■ **What to produce**
Could you copy exactly the lines below from the one with "Jaguar XJR-9 (gallery)" to the one with "TURNER, DEMARQUIS DERRELL", inclusive, leaving out any pictures?

■ **Given data**
<<<<
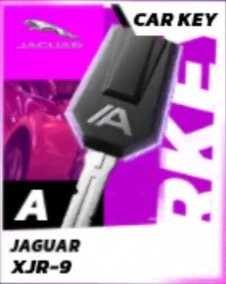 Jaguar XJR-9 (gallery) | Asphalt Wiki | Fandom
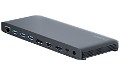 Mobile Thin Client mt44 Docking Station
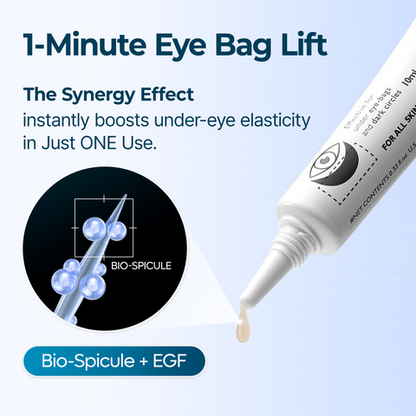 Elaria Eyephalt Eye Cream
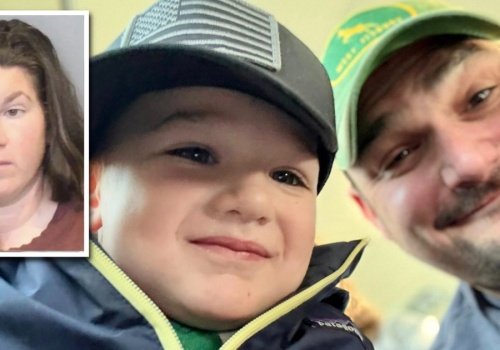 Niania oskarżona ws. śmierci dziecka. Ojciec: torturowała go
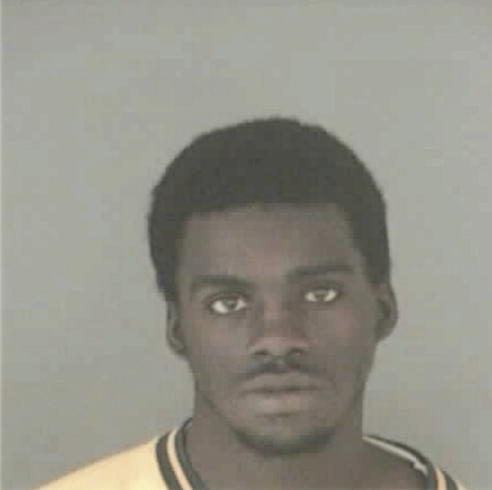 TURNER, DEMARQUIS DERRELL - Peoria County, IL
>>>>
<<<<
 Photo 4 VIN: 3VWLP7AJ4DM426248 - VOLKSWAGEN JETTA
>>>>
■ **Solved exercise**
 Jaguar XJR-9 (gallery) | Asphalt Wiki | Fandom
 Mobile Thin Client mt44 Docking Station
 Elaria Eyephalt Eye Cream
 Niania oskarżona ws. śmierci dziecka. Ojciec: torturowała go
 TURNER, DEMARQUIS DERRELL - Peoria County, IL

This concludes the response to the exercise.